Prepare the data—expanded in “Preparing the Data”.
Build a model—expanded in “Building a Model”.
Evaluate the model—expanded in “Evaluating a Model”.
Deploy the model—expanded in “Deploying a Model”.
The task of identifying the data begins by deciding what data is needed to solve a problem. For example, predictability about customer behavior is often a necessary goal, recast in terms of a problem. In defining the problem, the investigator must identify the data needed to solve that problem and explore other possible sources of data.
Data may be in a difficult location or in an obscure form. Sometimes there are several initial databases that may be incompatible with each other. Further, if data is scanty or incomplete, more data may be needed. The form in which new data is to be collected depends on the form of existing data. Finally, the data may exist but need to be extracted from a central data warehouse. MineSet accepts both flat files and binary files as well as data from several commercial database vendors such as Informix, Oracle, and Sybase. Tools such as DBMS/COPY from Conceptual Software, Inc. allow you to convert data from over 100 formats to MineSet.
Data may have to be loaded from legacy systems or external sources, stored, and cleaned. Specifically, the following problems are common:
Data may be in a format incompatible with its end use (for example, EBCDIC format).
Data may have many missing, incomplete, or erroneous values.
Field descriptions may be unclear or confusing, or may mean different things depending on the source. For example, order date may mean the date that the order was sent, postmarked, received, or keyed in.
Data may be stale. Customers may have moved, changed households, or changed spending patterns.
MineSet can help you discern data quality problems in the initial stages of building a data warehouse.
In spite of being clean, data may need to be transformed before it is suitable for mining and visualization. Specifically, the input to the algorithms and visualizations must be a single table. While SQL commands can be given to MineSet, it is recommended that database administrators create the appropriate views to simplify operations for end users. While MineSet can perform powerful data operations, in some cases certain transformations need to be done prior to using MineSet.

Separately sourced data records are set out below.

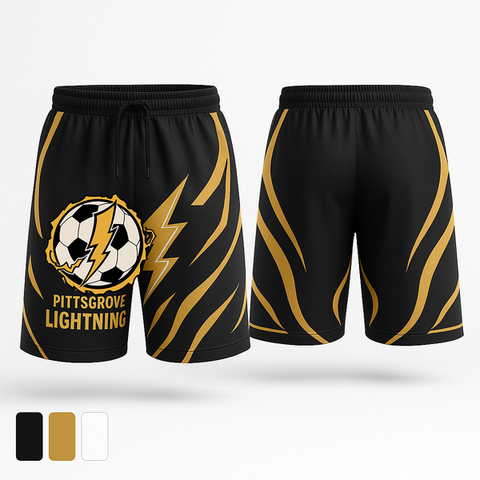 Mens Soccer Shorts, team name, Men's Soccer, Teamtime, Team time, sublimation, custom sports apparel, team uniforms, spirit wear, spiritwear, sports uniforms, custom shirts, team store, custom team store, fundraiser sports, apparel fundraiser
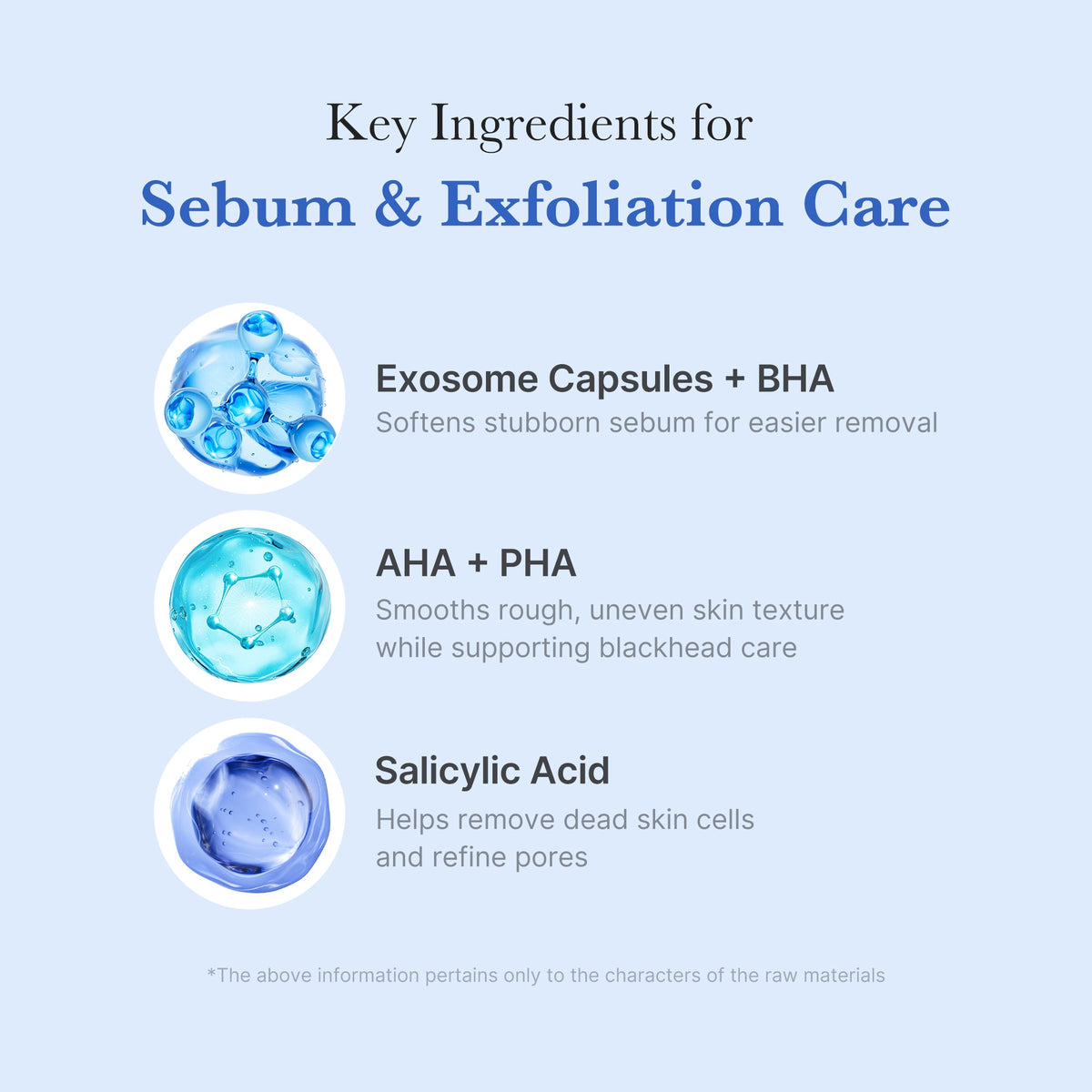 zero-pore-capsule-cleansing-foam-p3 03_be276de8-f1c9-4cc4-b9b3-e6d01afcc12e.jpg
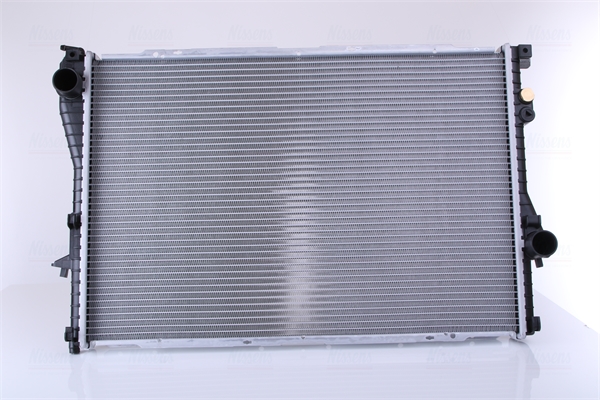 Radiateur Nissens 60603A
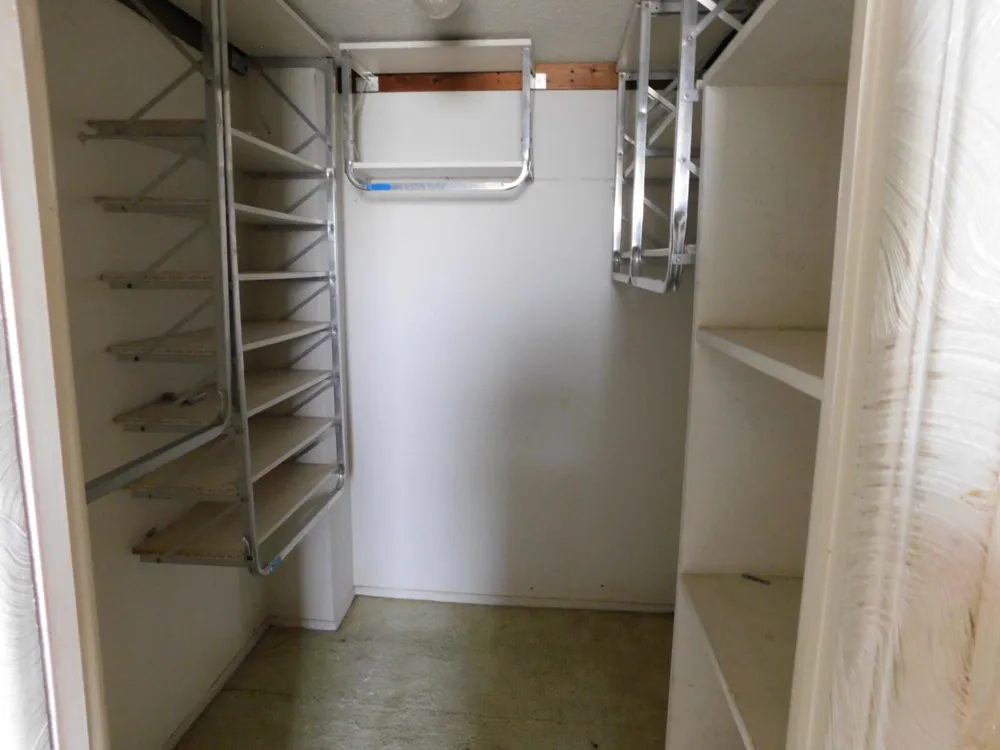 2650 S Course Drive #510 Pompano Beach, FL 33069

Considerable planning and knowledge of your data should go into data transformation decisions. Data transformations are at the heart of developing a sound model. You may even need to go back and transform the data differently:
By adding columns, usually applying a mathematical formula to existing data.
By removing columns which are not pertinent, are redundant, or contain obvious, uninteresting predictors.
By filtering visualizations. For example, you may want to see only the strongest rules or the most profitable customer segments.
By changing a column's name.
By binning data—breaking up a continuous range of data into discrete segments.
By aggregating data—grouping records together, and finding the sum, maximum, minimum, or average values.
By sampling the data to get a random subset of the data (by percentage or count).
By applying a classifier that you have previously created, to label new records with a class label, or to estimate the probability of a given label value.
In MineSet, most of these transformations take place using the Data Transformation pane in Tool Manager.
At the core of the knowledge discovery process is model building, automatically done by analytical data mining algorithms. This is clarified in Chapter 3.
Evaluating the accuracy of a model refines your understanding of that model and its usefulness. Some models, notably the Decision Tree classifier and the Option Tree classifier, evaluate different parts of the model and display these models directly through visualization.
MineSet implements four model assessment methods: error estimation, confusion matrix, lift curve and ROI (return-on-investment) curve.
A model can be deployed by applying it to new data. New data can give rise to further questions, which may require further refinements.
In the telecommunications example in Chapter 3, a model can be created to determine which customers are likely to leave their phone carrier. Customer records can then be evaluated through the model to identify the specific customers most likely to leave. These customers can be given incentives to stay.
The next two chapters step you through the knowledge discovery process on the churn dataset—a prepared dataset of telecommunication customers. As you work through the examples, think of the process presented here and how your operations progress forward and loop back as shown in Figure 2-1.